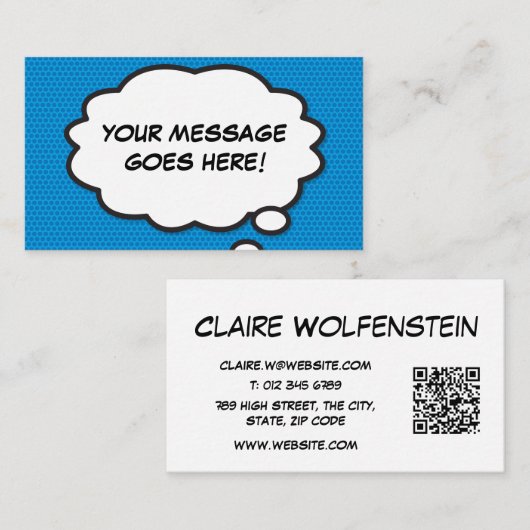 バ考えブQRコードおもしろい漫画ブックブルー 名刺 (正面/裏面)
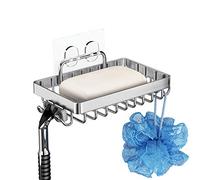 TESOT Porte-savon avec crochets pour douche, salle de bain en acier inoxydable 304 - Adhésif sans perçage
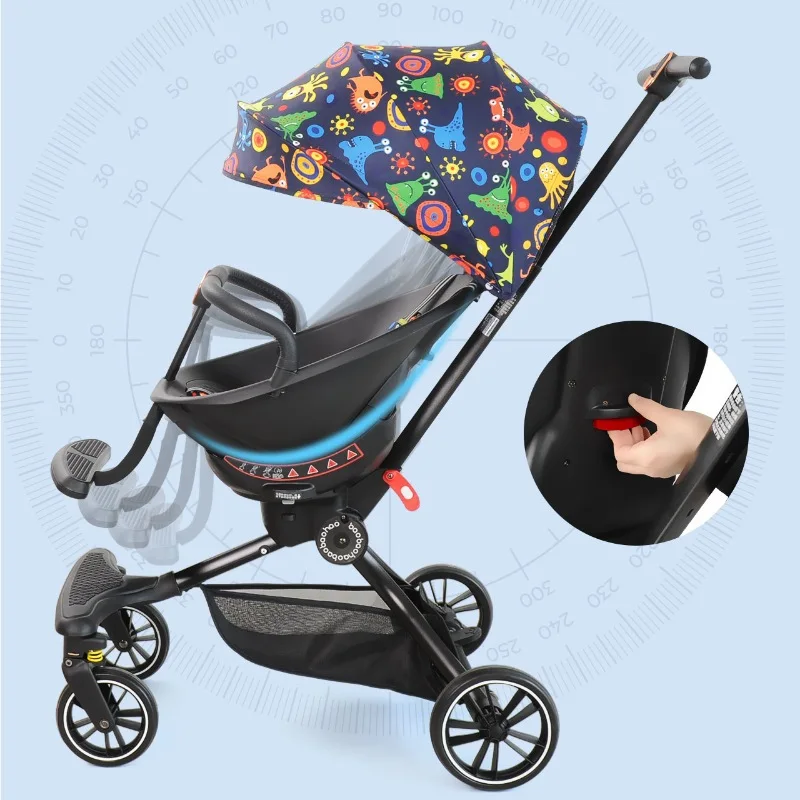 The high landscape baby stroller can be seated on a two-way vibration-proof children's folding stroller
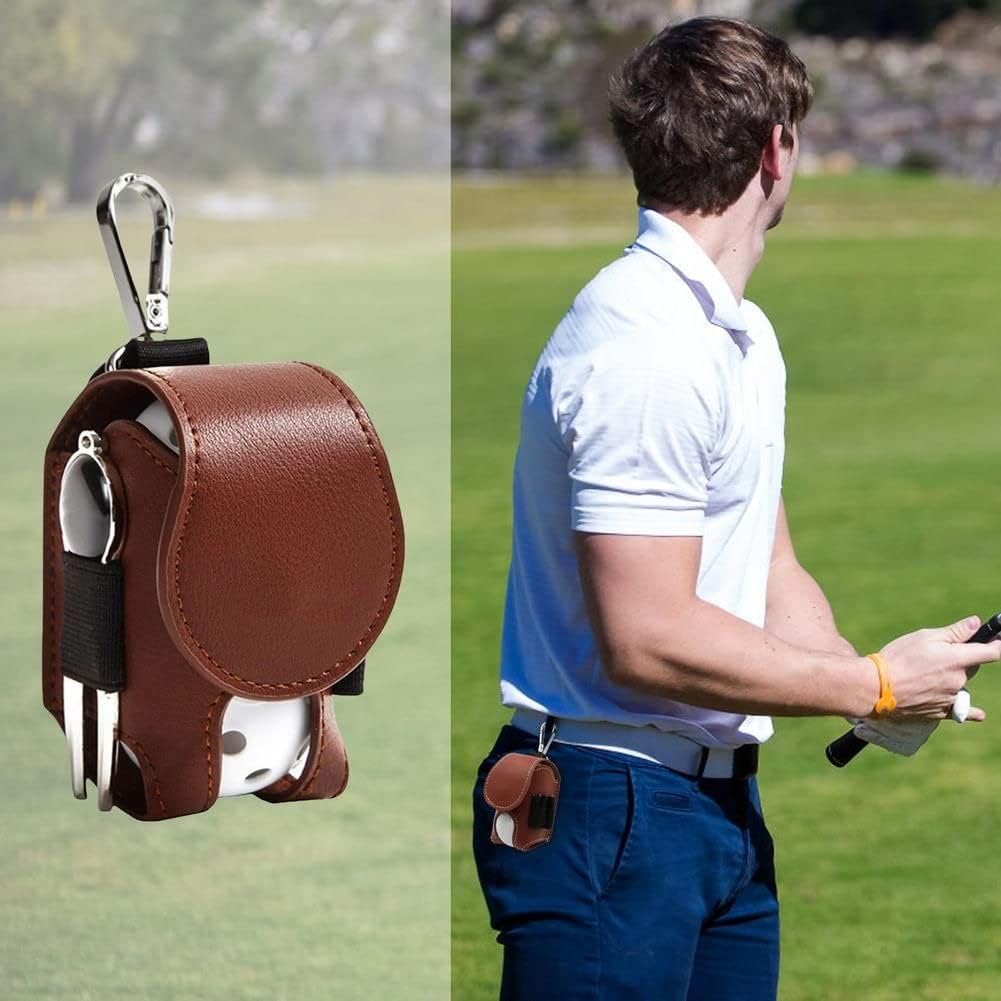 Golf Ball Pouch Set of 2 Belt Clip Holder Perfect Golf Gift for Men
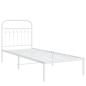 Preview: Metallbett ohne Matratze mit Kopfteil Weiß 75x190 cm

**Problem to work on**
Without including a single picture, restate all of the data word for word.

**Response**
 バ考えブQRコードおもしろい漫画ブックブルー 名刺 (正面/裏面)
 TESOT Porte-savon avec crochets pour douche, salle de bain en acier inoxydable 304 - Adhésif sans perçage
 The high landscape baby stroller can be seated on a two-way vibration-proof children's folding stroller
 Golf Ball Pouch Set of 2 Belt Clip Holder Perfect Golf Gift for Men
 Preview: Metallbett ohne Matratze mit Kopfteil Weiß 75x190 cm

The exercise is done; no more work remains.